Diversity: We value the unique needs and preferences of all individuals.
Stewardship: We hold ourselves accountable for managing resources responsibly.
Integrity: We demonstrate the highest standards of professionalism and personal responsibility.
Workplace: We create an outstanding work environment in order to recruit, develop, and retain talented clinicians and staff to enable Atrius Health to achieve our vision.
While many companies tend to have a mission, far fewer have a vision. However, I tend to see vision as vision of the future. For example, at Course Technology, Inc., a company I co-founded, our vision in 1989 was, Technology will transform teaching and learning. A much better known vision is that of Bill Gates and Paul Allen, founders of Microsoft in April, 1975: In the future there will be a personal computer in every home and on every desk, running Microsoft software. That was quite a prescient mission in 1975! However, it might help explain why Microsoft missed the smartphone revolution and still is hardly even an also ran in mobile computing.
The Atrius Health mission to provide the right care with kindness and compassion every day for every person we service has proven to be true in my decades of experience. What’s interesting in the the word timely does not appear before care. But one reason I consider Atrius Health to be far superior to any other health service I am aware is how timely their care is delivered. Not only do I seldom wait more than 5 or 10 minutes, for every time I might wait a few minutes I’m also taken early! In fact they’ve trained me to get to all appointments about 15 minutes early because they odds are good I will be taken early.
I believe the mission of all companies should be to delight their customers and Atrius does that, not only with timely service, but with greatly extended hours of care and even follow up calls. So they both surprise and delight their patients.
Again, one could possibly quibble with their mission, but like their vision it is very short and concise – one sentence.
What really got my attention though was the list of their values. (And here we do find “timely” as part of their definition of Quality.) Each of the ten values is a single word, followed by Atrius’s definition in a single sentence. Notice that the Values include the workplace as well as patient care.

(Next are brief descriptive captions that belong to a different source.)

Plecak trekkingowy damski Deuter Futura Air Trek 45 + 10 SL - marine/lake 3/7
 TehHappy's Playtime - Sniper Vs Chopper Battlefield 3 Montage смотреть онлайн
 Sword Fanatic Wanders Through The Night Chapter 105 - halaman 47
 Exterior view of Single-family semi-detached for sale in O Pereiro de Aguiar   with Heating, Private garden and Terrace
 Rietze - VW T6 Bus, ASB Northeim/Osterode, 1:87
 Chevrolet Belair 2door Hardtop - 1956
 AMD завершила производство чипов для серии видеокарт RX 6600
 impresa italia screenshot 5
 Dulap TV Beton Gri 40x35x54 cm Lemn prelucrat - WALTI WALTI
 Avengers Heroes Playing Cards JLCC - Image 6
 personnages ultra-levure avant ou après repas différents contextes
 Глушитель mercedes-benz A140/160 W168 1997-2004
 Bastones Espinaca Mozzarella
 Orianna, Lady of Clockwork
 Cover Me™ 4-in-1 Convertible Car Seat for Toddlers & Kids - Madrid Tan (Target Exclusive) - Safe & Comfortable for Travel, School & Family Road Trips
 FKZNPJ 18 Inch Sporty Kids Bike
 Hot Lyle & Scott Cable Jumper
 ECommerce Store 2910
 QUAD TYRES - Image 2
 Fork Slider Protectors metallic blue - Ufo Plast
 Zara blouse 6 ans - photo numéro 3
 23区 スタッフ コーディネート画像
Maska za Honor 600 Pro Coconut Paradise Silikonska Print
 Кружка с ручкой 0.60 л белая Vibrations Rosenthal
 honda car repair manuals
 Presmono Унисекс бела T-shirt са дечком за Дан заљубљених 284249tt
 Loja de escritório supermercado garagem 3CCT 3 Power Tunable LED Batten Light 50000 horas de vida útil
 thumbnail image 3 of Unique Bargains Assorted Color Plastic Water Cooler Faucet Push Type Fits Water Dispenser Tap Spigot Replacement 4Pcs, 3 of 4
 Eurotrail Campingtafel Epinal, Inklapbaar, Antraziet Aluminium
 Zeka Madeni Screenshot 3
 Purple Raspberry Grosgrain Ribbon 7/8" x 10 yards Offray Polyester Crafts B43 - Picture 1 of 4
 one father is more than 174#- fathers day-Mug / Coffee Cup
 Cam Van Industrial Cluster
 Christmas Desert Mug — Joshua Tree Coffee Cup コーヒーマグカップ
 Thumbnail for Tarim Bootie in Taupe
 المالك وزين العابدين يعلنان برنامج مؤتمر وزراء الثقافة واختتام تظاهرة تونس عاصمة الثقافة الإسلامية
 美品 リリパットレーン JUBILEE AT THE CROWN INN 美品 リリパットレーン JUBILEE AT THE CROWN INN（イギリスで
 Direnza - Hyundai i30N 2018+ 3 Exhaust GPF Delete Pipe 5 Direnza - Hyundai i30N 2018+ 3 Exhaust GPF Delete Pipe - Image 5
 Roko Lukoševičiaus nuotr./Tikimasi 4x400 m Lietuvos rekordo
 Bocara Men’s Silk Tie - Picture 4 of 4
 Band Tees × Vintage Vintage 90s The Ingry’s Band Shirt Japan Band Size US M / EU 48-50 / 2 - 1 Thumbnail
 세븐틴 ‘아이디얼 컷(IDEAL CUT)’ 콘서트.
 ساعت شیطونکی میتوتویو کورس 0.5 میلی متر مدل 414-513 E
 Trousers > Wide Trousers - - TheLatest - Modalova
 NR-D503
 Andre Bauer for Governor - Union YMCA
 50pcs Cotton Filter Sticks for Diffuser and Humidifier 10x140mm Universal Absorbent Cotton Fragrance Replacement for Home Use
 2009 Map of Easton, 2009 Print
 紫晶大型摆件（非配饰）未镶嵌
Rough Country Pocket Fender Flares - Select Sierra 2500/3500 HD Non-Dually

Several months ago I looked up someone who I hadn’t seen in literally decades, Gunther Weill, who is the founder and principal in a firm called ValueMentors. I had breakfast with Gunther and learned how his executive coaching firm puts values at the heart of what they do, as Gunther says on their web site:
After talking with Gunther, reviewing his firm’s services, and reading the materials he sent me, I’m convinced that Vision and Mission are meaningless unless built upon a foundation of values. So I recommend to founders that first they discuss and agree upon the values they want to drive their company. From those values they can then determine the company’s mission – how they will deliver on those values to their customers, and vision – their view of the future as it relates to the firm’s mission.
This is a bottoms up approach and is by no means the only approach. The team may first start with the vision that attracted them to the founder(s), then the mission, and finally the firm’s values. As Jean-Luc Godard said, Every film has a beginning a middle and an end. But not necessarily in that order. Where you start is not nearly as important as ensuring that your venture’s values drive the mission and are congruent with the firm’s vision. One benefit of this exercise for the founding team is that it will help ensure that everyone is aligned with the venture’s values. And alignment of the founding team is paramount to success. The the exercise of documenting and publicizing the venture’s values is an excellent means to assure that alignment.
Here’s another quote from ValueMentors web site.
Let us suppose that we were asked for one all-purpose bit of advice for management, one truth that we were able to distill from ‘Excellent Companies’ research. We might be tempted to reply, Figure out your value system.
In Search Of Excellence
And less you think this post about values is airy fairy and has nothing to do with business, here’s another quote from the ValueMentors’ web site:
Price is what you pay. Value is what you get.